Quick Links

Re: Populating large DB from Perl script

From:	"Dawid Kuroczko" <qnex42(at)gmail(dot)com>
To:	"Kynn Jones" <kynnjo(at)gmail(dot)com>
Cc:	pgsql-general(at)postgresql(dot)org
Subject:	Re: Populating large DB from Perl script
Date:	2007-11-02 18:57:59
Message-ID:	758d5e7f0711021157g7eca84e8y7c682ba83e86cb04@mail.gmail.com
Views:	Whole Thread \| Raw Message \| Download mbox \| Resend email
Thread:
Lists:	pgsql-general

On 11/1/07, Kynn Jones <kynnjo(at)gmail(dot)com> wrote:
> Hi. This is a recurrent problem that I have not been able to find a
> good solution for. I have large database that needs to be built from
> scratch roughly once every month. I use a Perl script to do this.
>
> The tables are very large, so I avoid as much as possible using
> in-memory data structures, and instead I rely heavily on temporary
> flat files.
>
> The problem is the population of tables that refer to "internal" IDs
> on other tables. By "internal" I mean IDs that have no meaning
> external to the database; they exist only to enable relational
> referencing. They are always defined as serial integers. So the
> script either must create and keep track of them, or it must populate
> the database in stages, letting Pg assign the serial IDs, and query
> the database for these IDs during subsequent stages.
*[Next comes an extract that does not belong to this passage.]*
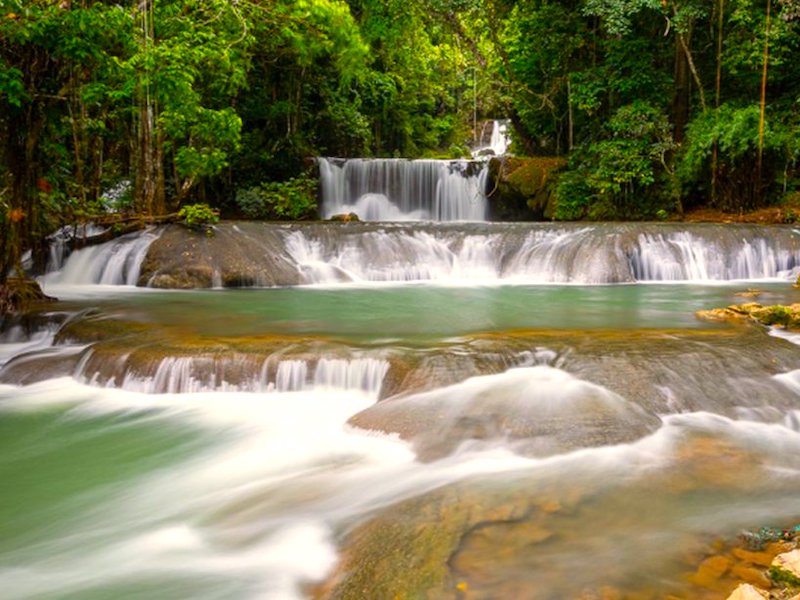 Treasure Beach Jamaika YS Falls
If it is possible, perhaps you could load "raw" data into temporary
table and then create ids using these tables.
For instance:
CREATE TEMP TABLE foo_raw (host text, city text, who text, value int);
INSERT INTO hosts (host) SELECT DISTINCT host FROM foo; -- group by perhaps?
INSERT INTO [...]
INSERT INTO foo SELECT host_id,city_id,who_id,value
FROM foo_raw
JOIN hosts USING (host)
JOIN cities USING (city)
JOIN who USING (who);
This may or may not work, depending on your setup.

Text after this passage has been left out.